Memory allocated with this function is guaranteed to be aligned on an 8-byte boundary.
To execute dynamically generated code, use the VirtualAlloc function to allocate memory
and the VirtualProtect function to grant PAGE_EXECUTE access.



It seems the standard allocation is 8 aligned. And for 16 alignment
it is probably needed to use something like the one you suggested.
I'll make some tests with GlobalAlloc/HeapAlloc and see what alignment
I get.
There are only two days a year when you can't do anything: one is called yesterday, the other is called tomorrow, so today is the right day to love, believe, do and, above all, live.

Dalai Lama

Donkey

GlobalAlloc is aligned on 8 byte boundaries.

// Sorry frktons, I was typing while you answered....
"Ahhh, what an awful dream. Ones and zeroes everywhere...[shudder] and I thought I saw a two." -- Bender
"It was just a dream, Bender. There's no such thing as two". -- Fry
-- Futurama

Donkey's Stable

frktons

Quote from: Donkey on December 23, 2012, 06:03:15 AM
GlobalAlloc is aligned on 8 byte boundaries.

// Sorry frktons, I was typing while you answered....

Thanks. No problem Edgar.
I recall that in an old program, we used GlobalAlloc to allocate
16 MB and after we accessed it with SSE2 instructions and XMM registers
that require 16 bytes alignment.
And it worked. I'm wondering why, then, it worked?
Shouldn't it throw a General Protection Fault?

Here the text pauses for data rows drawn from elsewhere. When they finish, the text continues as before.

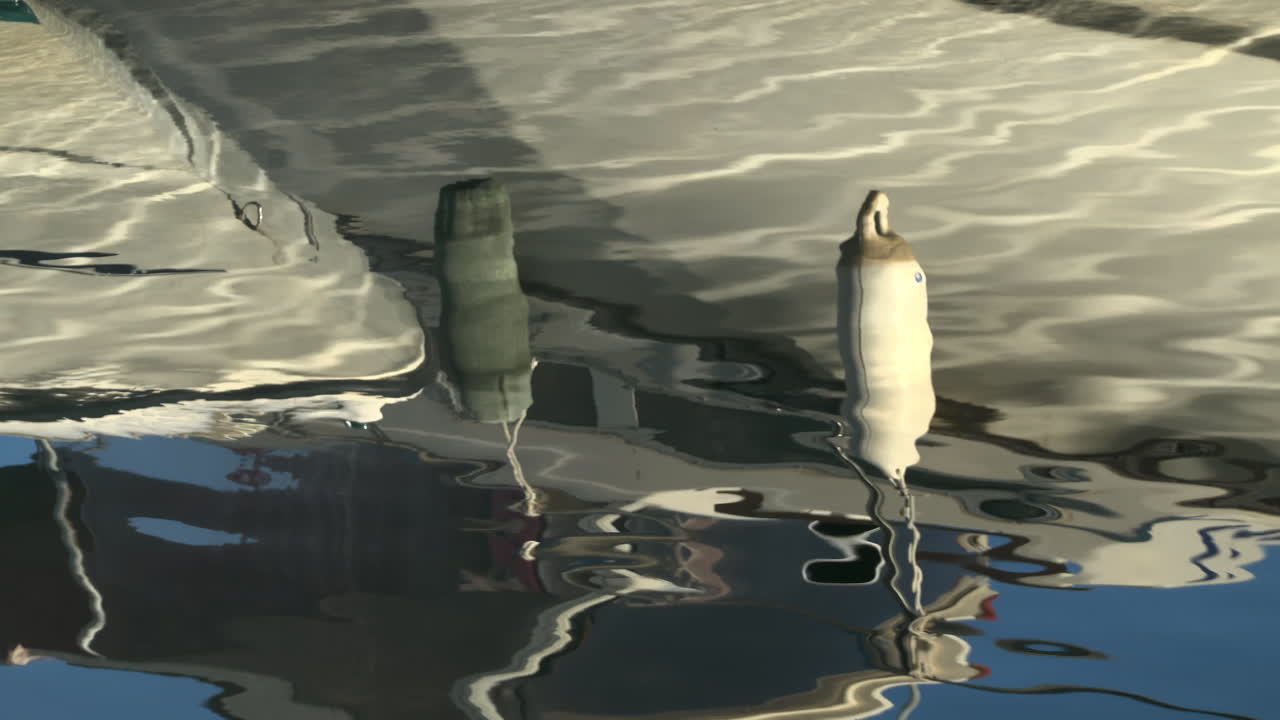 The reflection of the side of a boat docked in the water, with fenders hanging from its hull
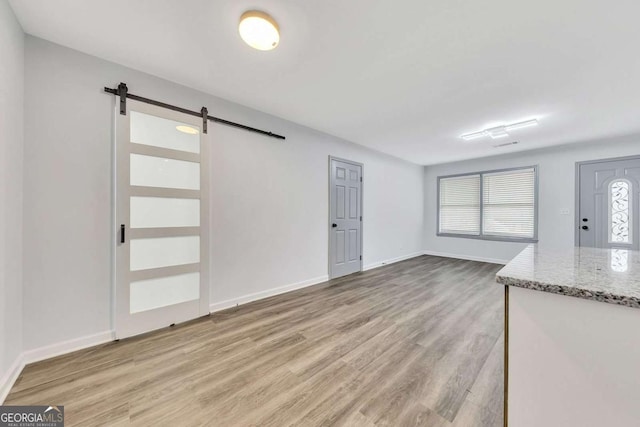 interior space featuring a barn door and light hardwood / wood-style floors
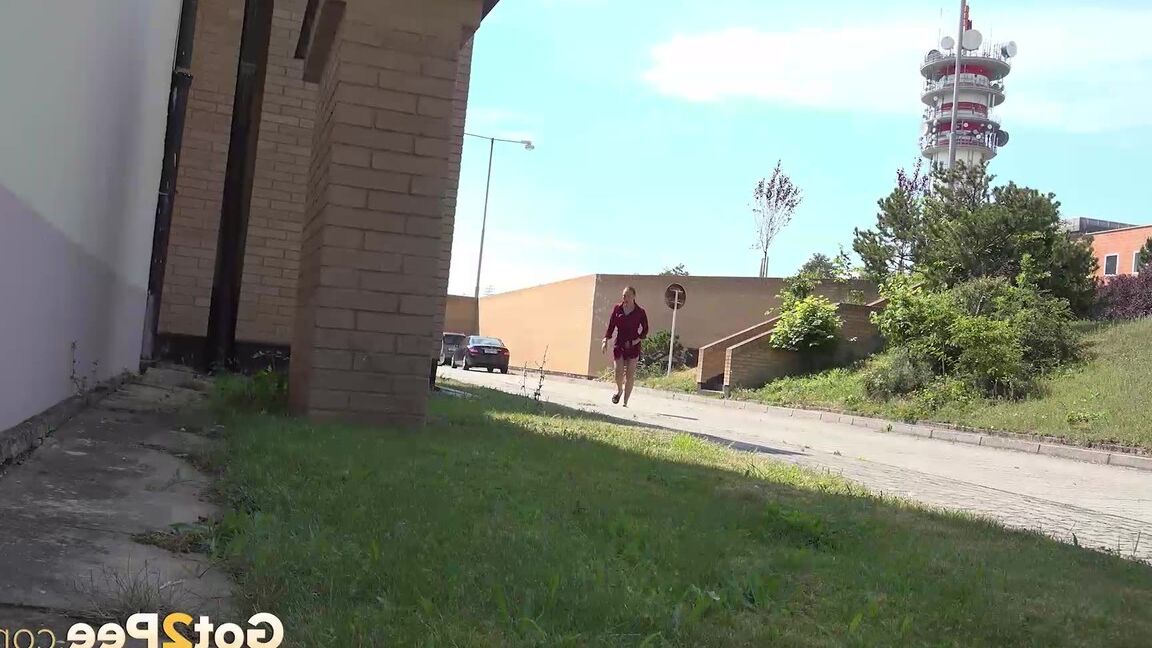15P Redhead babe Morgan squats to pee outside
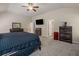 Spacious main bedroom featuring neutral colors, carpet, ceiling fan and several windows for natural light at 458 Burgundy Se Ter, Atlanta, GA 30354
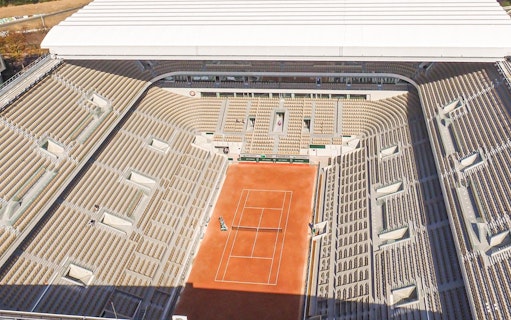 Roland Garros Stadium interior with clay tennis court and surrounding seating area.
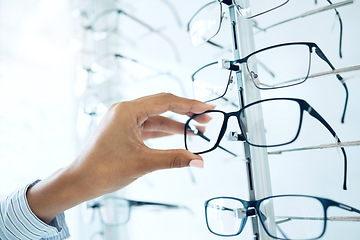 Image showing Optometry store, glasses and hands of person for lens frame decision, retail shop choice or eyewear sales. Eye care clinic, vision eyesight support and closeup client, customer and choose eyeglasses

      invoke GlobalAlloc,GMEM_ZEROINIT or GMEM_FIXED,16*1024*1024
      mov DataPtr, eax   
.....
mov edx, DataPtr
lea ecx, [edx+16000000]
mov eax, 20202020h
movd xmm0, eax
pshufd xmm0, xmm0, 0
                movdqa xmm1, xmm0
                movdqa xmm2, xmm0
                movdqa xmm3, xmm0
                movdqa xmm4, xmm0                                     

@@:
movdqa [edx], xmm0
movdqa [edx + 16], xmm1
movdqa [edx + 32], xmm2
movdqa [edx + 48], xmm3
movdqa [edx + 64], xmm4
add edx, 80
cmp edx, ecx
jl @B

There are only two days a year when you can't do anything: one is called yesterday, the other is called tomorrow, so today is the right day to love, believe, do and, above all, live.

Dalai Lama

frktons

OK. The test shows that the GlobalAlloc() API uses a 16 bytes
boundaries to allocate memory, at least on my system and
with a size of 16 MB.

;-----------------------------------------------------
; TestAlloc.asm
;-----------------------------------------------------
; Test 10 times the GlobalAlloc API and displays the
; alignment of allocated memory blocks
; frktons - 22-dec-2012
;-----------------------------------------------------

.nolist
include \masm32\include\masm32rt.inc
.686

.DATA

    DataPtr  dd 0

.CODE

start:

    mov ecx, 10

alloc_again:

    push ecx

    invoke GlobalAlloc,GMEM_ZEROINIT or GMEM_FIXED,16*1024*1024
    mov DataPtr, eax 

    and eax, 15

    .IF ( eax == 0)

        print " The allocated memory is 16 bytes aligned", 13, 10
        jmp  next_alloc

    .ENDIF

    mov eax, DataPtr
    and eax, 7

    .IF ( eax == 0)

        print " The allocated memory is 8 bytes aligned", 13, 10

    .ENDIF

next_alloc:

    invoke GlobalFree, DataPtr

    pop  ecx
    dec  ecx
    jnz  alloc_again   
   
end_test:
    inkey chr$(13, 10, "--- ok ---", 13)
    exit

end start


Quote
The allocated memory is 16 bytes aligned
The allocated memory is 16 bytes aligned
The allocated memory is 16 bytes aligned
The allocated memory is 16 bytes aligned
The allocated memory is 16 bytes aligned
The allocated memory is 16 bytes aligned
The allocated memory is 16 bytes aligned
The allocated memory is 16 bytes aligned
The allocated memory is 16 bytes aligned
The allocated memory is 16 bytes aligned

--- ok ---

Maybe if the memory to allocate is not a multiple of 16, it
uses the default 8 bytes alignment.
Another test is needed, I think.

If you test it on your system, would you confirm this data?
Thanks
There are only two days a year when you can't do anything: one is called yesterday, the other is called tomorrow, so today is the right day to love, believe, do and, above all, live.

Dalai Lama

Donkey

Hi frktons,

The docs only guarantee 8 byte alignment, that doesn't necessarily mean it will be 8 bytes, just that you cannot assume it will be greater than that. You're best to stay away from GlobalAlloc for anything that requires alignment anyway, VirtualAlloc is a faster and more flexible function.
"Ahhh, what an awful dream. Ones and zeroes everywhere...[shudder] and I thought I saw a two." -- Bender
"It was just a dream, Bender. There's no such thing as two". -- Fry
-- Futurama

Donkey's Stable

frktons

Quote from: Donkey on December 23, 2012, 06:43:48 AM
Hi frktons,

The docs only guarantee 8 byte alignment, that doesn't necessarily mean it will be 8 bytes, just that you cannot assume it will be greater than that. You're best to stay away from GlobalAlloc for anything that requires alignment anyway, VirtualAlloc is a faster and more flexible function.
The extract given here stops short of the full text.